The Minister for Education has lost her appeals against findings that two homeschooled students were unfairly excluded from the Leaving Certificate calculated grades process.  

Minister Norma Foley had appealed against the High Court's decisions in two separate cases. However the Court of Appeal this afternoon dismissed both appeals. 

The Appeal Court found it was unreasonable and disproportionate and an unlawful breach of the students' constitutional rights to exclude them entirely from the system. 

The first appeal involved 18-year-old Elijah Burke from Co Mayo who was homeschooled by his mother, Martina, a registered teacher.  

She was deemed to have a conflict of interest in providing estimated marks for the calculated grades process.

The second appeal involved a 17-year-old girl who was homeschooled mainly by her mother, with assistance from her father and private tutors, none of whom were registered teachers.

The Appeal Court found that excluding both students from any route by which their work might be subject to consideration for a calculated grade, when it was the only way to secure entry into third level in Autumn 2020, was unreasonable and constituted a disproportionate interference with their constitutional rights.

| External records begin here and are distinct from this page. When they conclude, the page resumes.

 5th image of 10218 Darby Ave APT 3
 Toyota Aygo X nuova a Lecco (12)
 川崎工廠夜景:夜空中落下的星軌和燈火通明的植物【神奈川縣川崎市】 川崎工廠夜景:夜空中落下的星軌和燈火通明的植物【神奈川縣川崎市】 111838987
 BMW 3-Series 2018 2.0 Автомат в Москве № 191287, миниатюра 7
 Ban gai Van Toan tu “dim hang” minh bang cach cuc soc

It ruled both students had constitutional rights to have reasonable account taken of their situation when education policies were being implemented by the State and both had suffered a "real and significant" impact by their exclusion from the calculate grades scheme.

The court also found there was a duty on the State to protect the family's authority and the parent's right to homeschool.  

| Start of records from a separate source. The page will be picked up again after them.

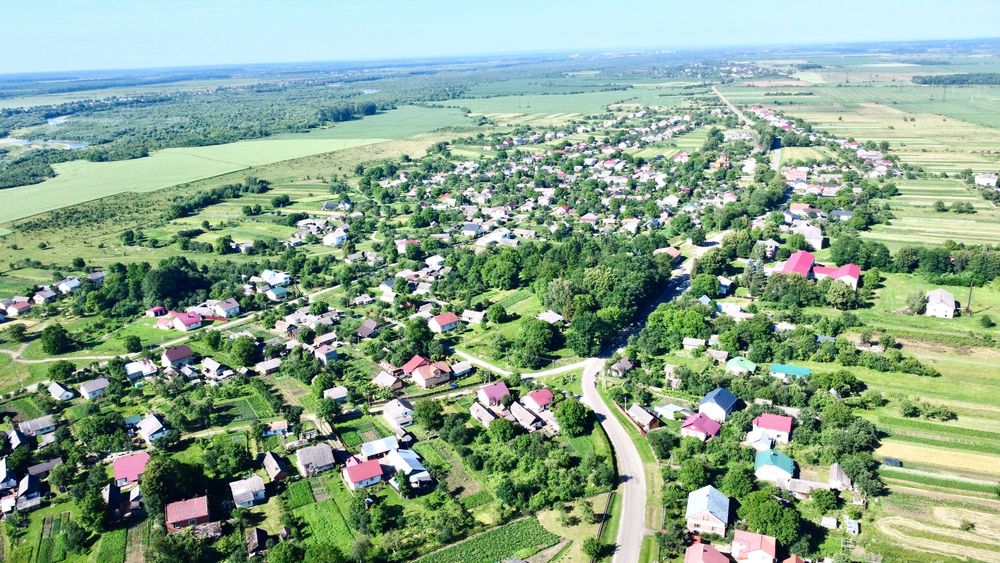 Продаж земельної ділянки в с. Семигинів з документами на житловий будинок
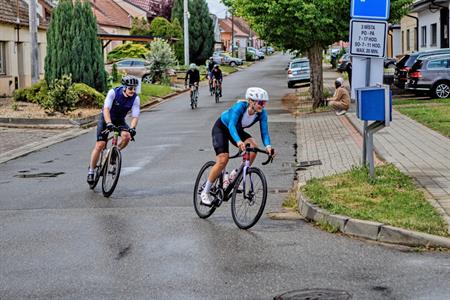 Sport * Závod Road Classics Pálava - peloton projel Velkými Pavlovicemi
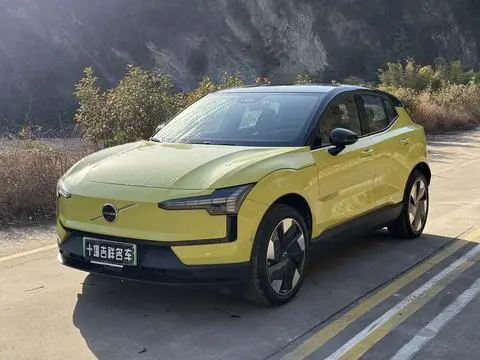 Volvo EX30 2025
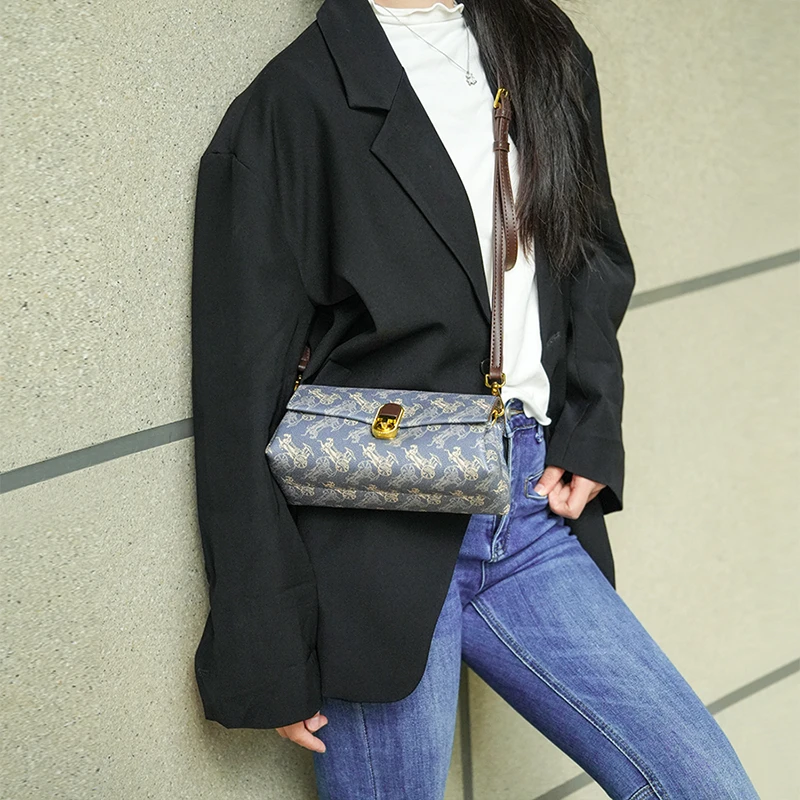 雅各邦真皮复古腋下包女士2025新款高级感轻奢小众通勤斜挎信封包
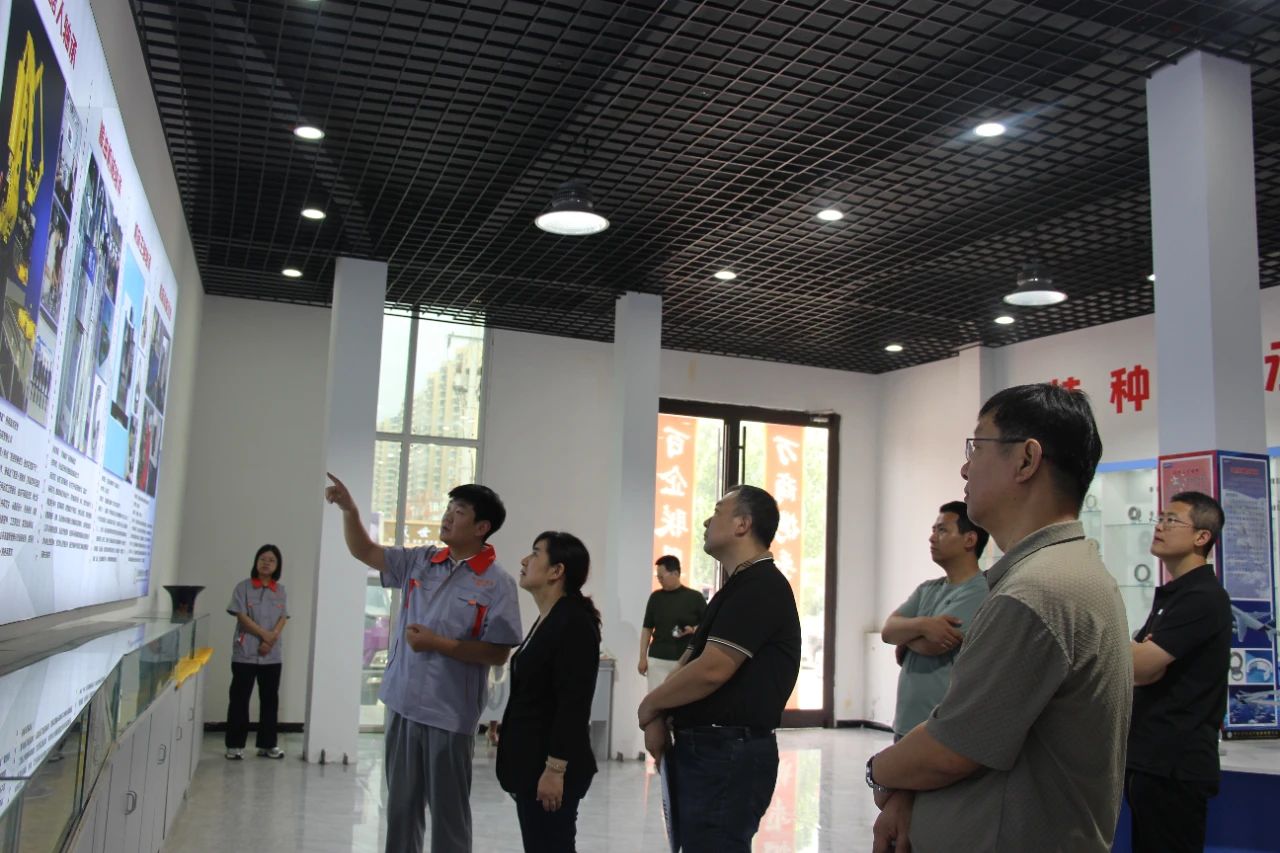 河北科技工程職業技術大學一行蒞臨河北省軸承研究院參觀調研 河北科技工程職業技術大學一行蒞臨河北省軸承研究院參觀調研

This duty must include accommodation of the parents' conscientious choice and lawful preference and it said the rights of the child must receive appropriate recognition by the organs of the State.

In both cases, the Court of Appeal made declarations that it was unreasonable, disproportionate and an unlawful breach of the students' constitutional rights for the Minister to refuse to consider them for calculated grades, without having any system in place to determine if their work was from a satisfactory, credible source.